In the listing below, find the line containing "Immunocytochemistry/Immunofluorescence: ADPRHL1 Antibody" and the line containing "Breast-Augmentation-Saline-Case0112-bef-lf", then copy exactly everything from the first through the second, except the pictures.

== Study material ==

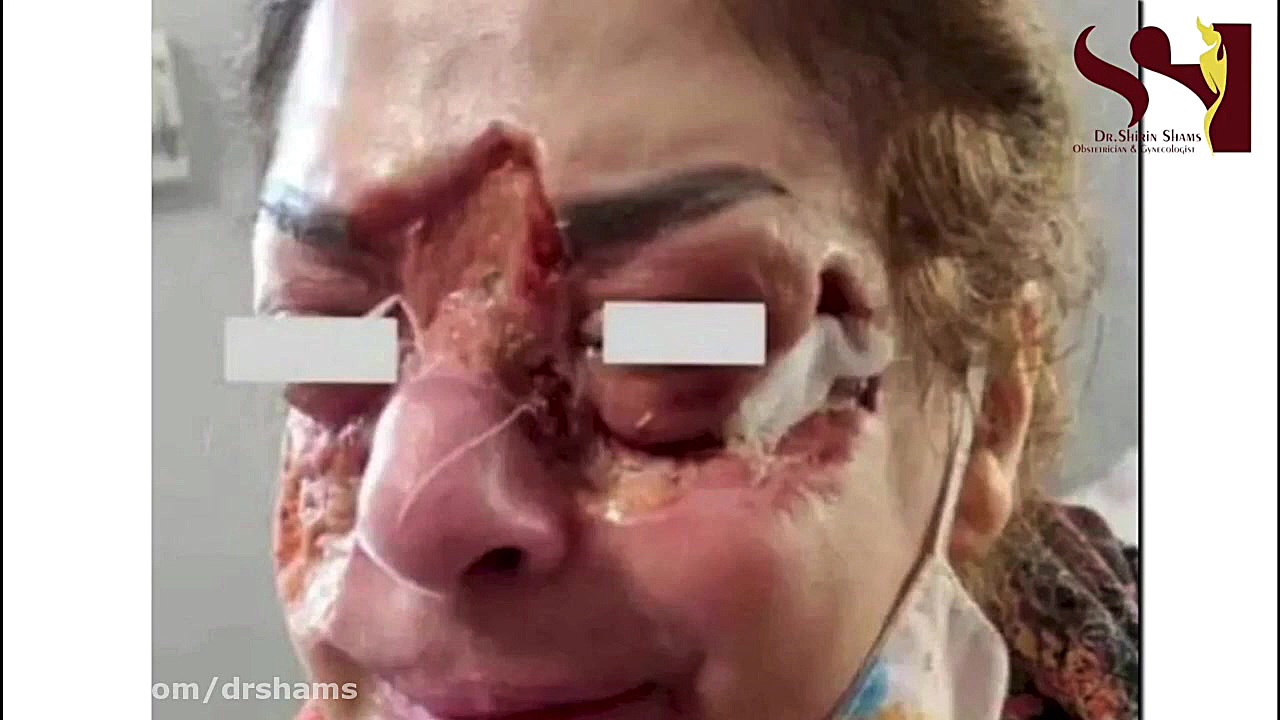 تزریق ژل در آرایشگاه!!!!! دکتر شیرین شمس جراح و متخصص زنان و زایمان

===
== Study material ==

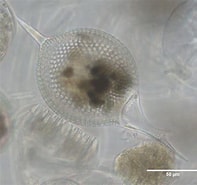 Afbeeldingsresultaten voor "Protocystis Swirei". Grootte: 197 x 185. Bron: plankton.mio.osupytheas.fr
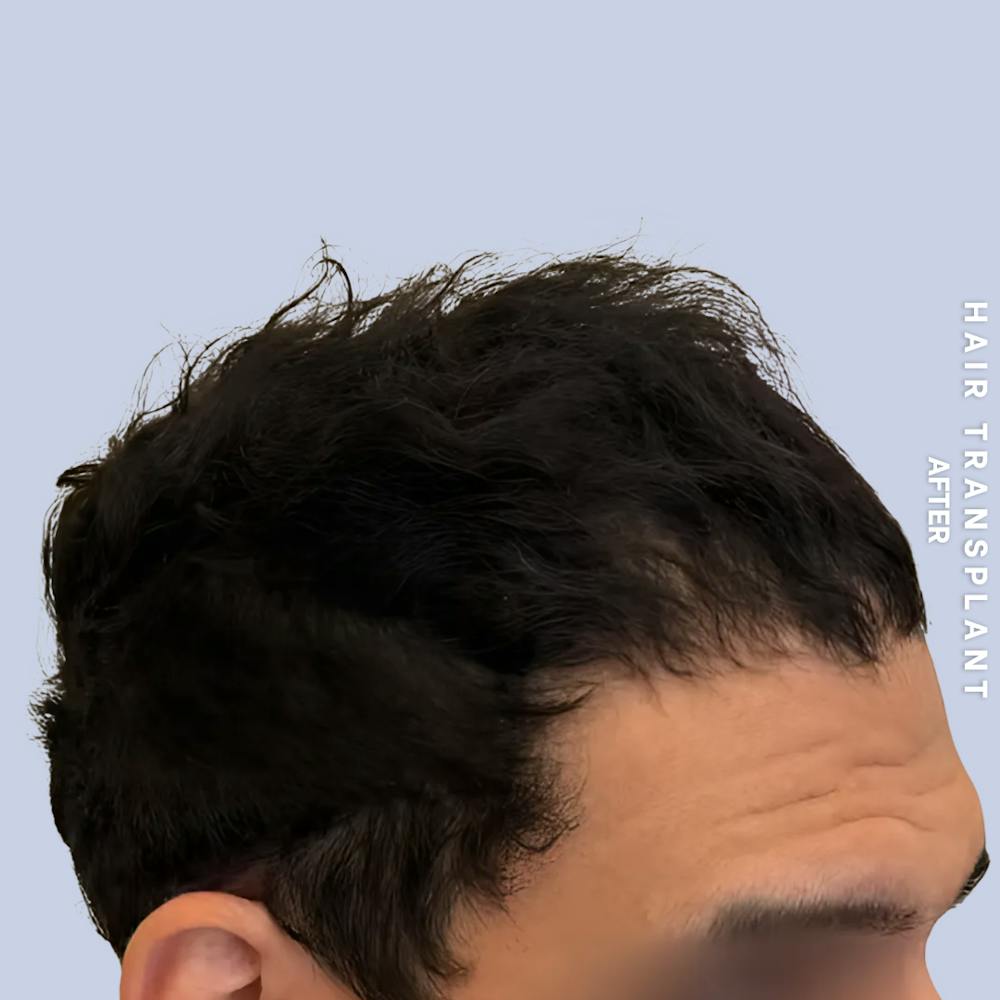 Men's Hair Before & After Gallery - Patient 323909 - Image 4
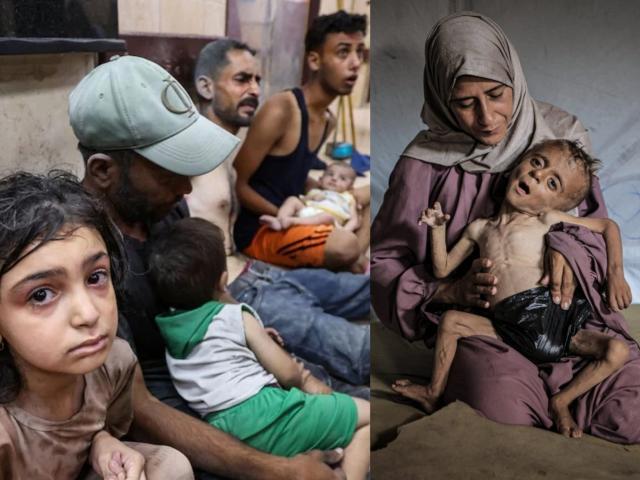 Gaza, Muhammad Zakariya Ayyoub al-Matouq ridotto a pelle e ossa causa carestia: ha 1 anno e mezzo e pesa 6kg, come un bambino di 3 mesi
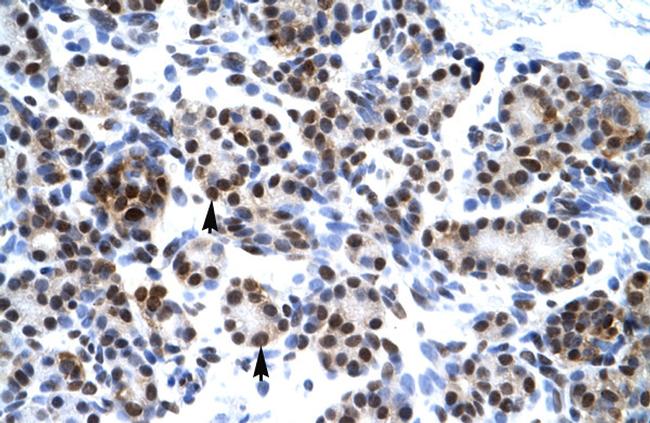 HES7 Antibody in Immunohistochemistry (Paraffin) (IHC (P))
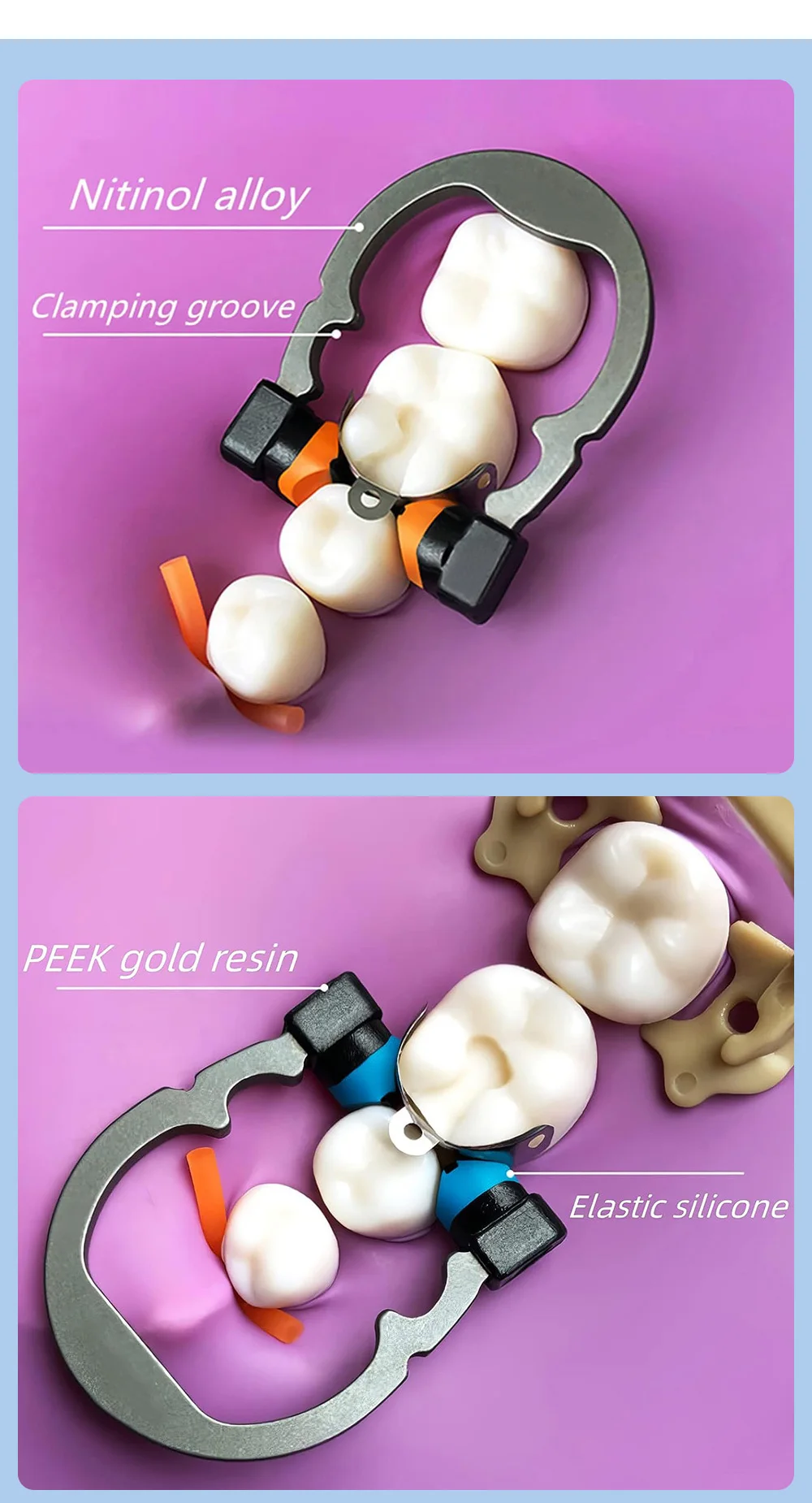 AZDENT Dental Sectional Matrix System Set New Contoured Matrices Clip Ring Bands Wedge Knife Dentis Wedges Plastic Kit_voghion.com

===
== Study material ==

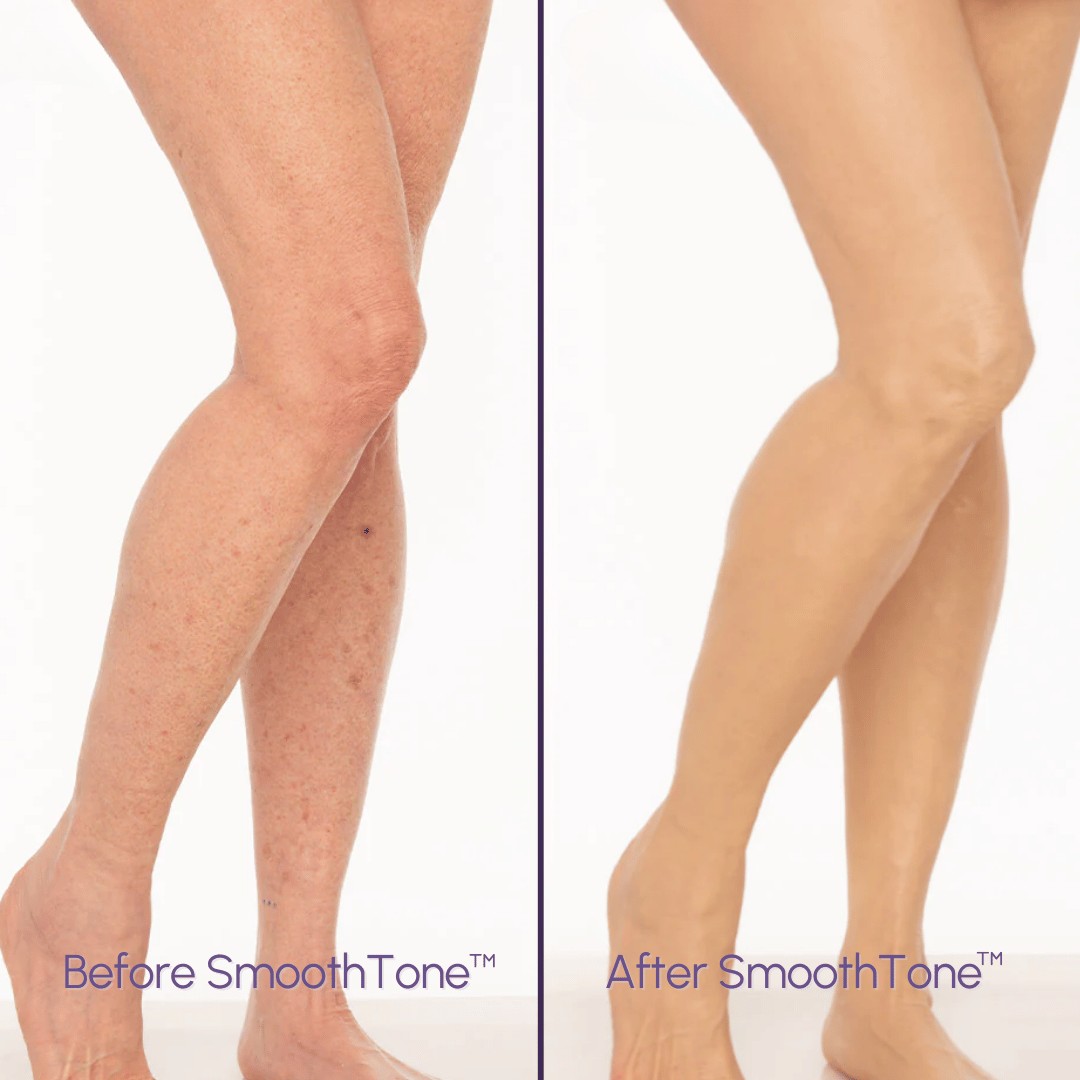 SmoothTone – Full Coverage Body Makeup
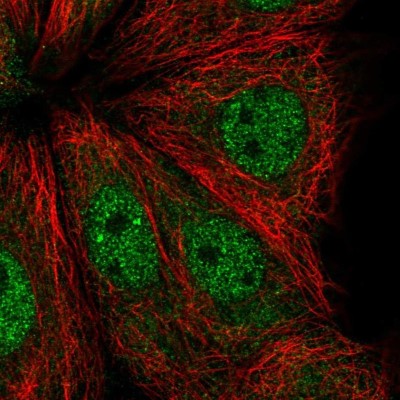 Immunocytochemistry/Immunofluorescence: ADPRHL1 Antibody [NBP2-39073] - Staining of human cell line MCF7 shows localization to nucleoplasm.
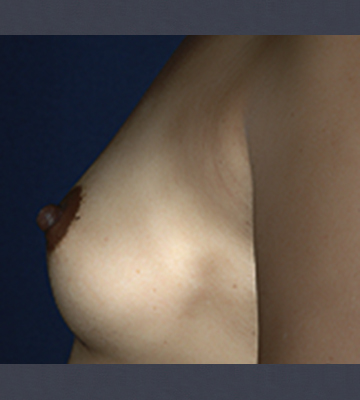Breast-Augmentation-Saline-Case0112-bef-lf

===

[Response box]
 Immunocytochemistry/Immunofluorescence: ADPRHL1 Antibody [NBP2-39073] - Staining of human cell line MCF7 shows localization to nucleoplasm.
Breast-Augmentation-Saline-Case0112-bef-lf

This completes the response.